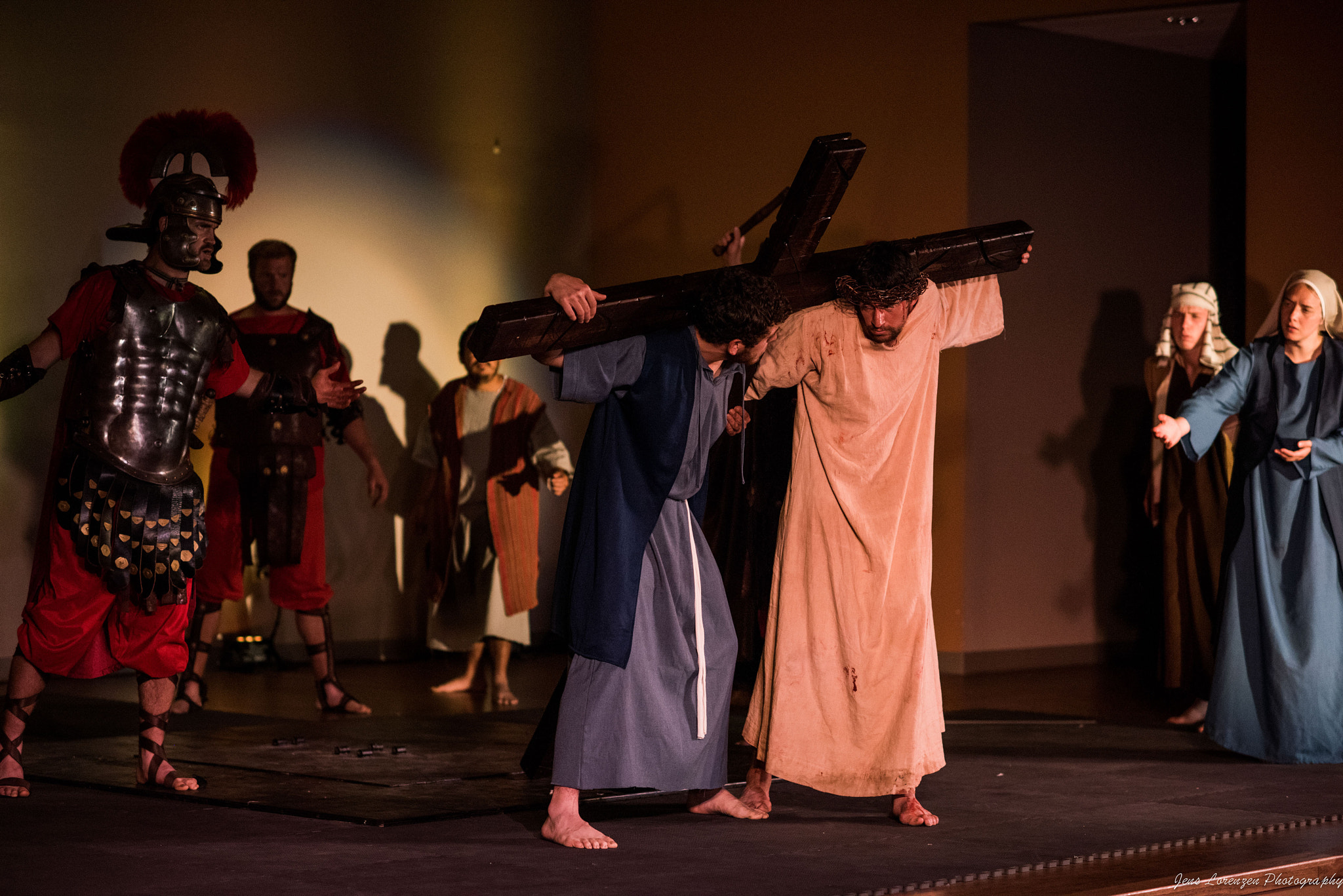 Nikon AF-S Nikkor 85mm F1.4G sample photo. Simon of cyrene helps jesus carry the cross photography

==

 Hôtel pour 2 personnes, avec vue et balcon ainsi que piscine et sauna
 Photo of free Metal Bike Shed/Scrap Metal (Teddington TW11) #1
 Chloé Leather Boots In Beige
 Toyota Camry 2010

ASSIGNMENT: From the records above, print exactly the lines that run from the line with "Hôtel pour 2" to the line with "Toyota Camry 2010", inclusive.

RESPONSE BELOW:
 Hôtel pour 2 personnes, avec vue et balcon ainsi que piscine et sauna
 Photo of free Metal Bike Shed/Scrap Metal (Teddington TW11) #1
 Chloé Leather Boots In Beige
 Toyota Camry 2010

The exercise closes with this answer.